Should you self-study for the LSAT?
This week’s podcast goes over self-study options for the LSAT. We hear from the Director of Pre Law Programs for Kaplan, Jeff Thomas, the Chief Executive Officer for PowerScore, Dave Killoran, and Laura Alliman, a first year law student at the University of Tennessee and an LSAT “self-studier.”
One of many options available to students preparing for the LSAT is self-study guidebooks and materials. In the podcast, Laura Alliman discusses her self-studying process and how it worked for her. In her case, when law school became a goal, she decided against a prep course for the LSAT (due to her prior disappointments with MCAT prep courses), and instead bought numerous study guides and practice tests, which she used to achieve her target score.
Dave Killoran and Jeff Thomas both talk about the pros and cons of self-studying, and explain that self-studying, while successful for some students, may not be the right step for everyone. While self-studying can help all students solidify their knowledge of the basics of the LSAT, oftentimes a student will need in-person or classroom help to truly understand the intricacies of the test and continue to improve their LSAT score.
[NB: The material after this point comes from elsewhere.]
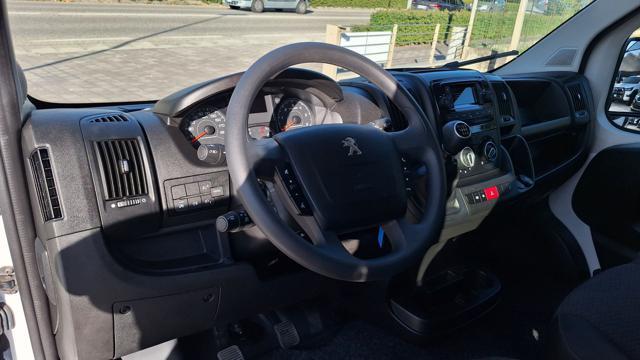 PEUGEOT Boxer 435 2.2 BlueHDi 165 S&S PLM-SL-TM *7 POSTI* N°GV32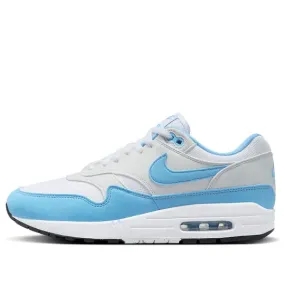 Nike Air Max 1 White University Blue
In addition, Dave Killoran mentions that using self-study methods at the start of LSAT preparation can be very beneficial: It can allow the student to determine weaknesses in study habits and preparation, and then allow the student to use classroom or personalized studies to change study strategies.
Finally, Jeff Thomas puts self-studying into layman’s terms by comparing it to physical exercise. When working out, he says, if you don’t eat right and prepare correctly, you won’t see the results on the scale. Similarly, with the LSAT, if you don’t take the time to truly understand the questions you are tackling and get the help you need to master them, you won’t see the results in your scores.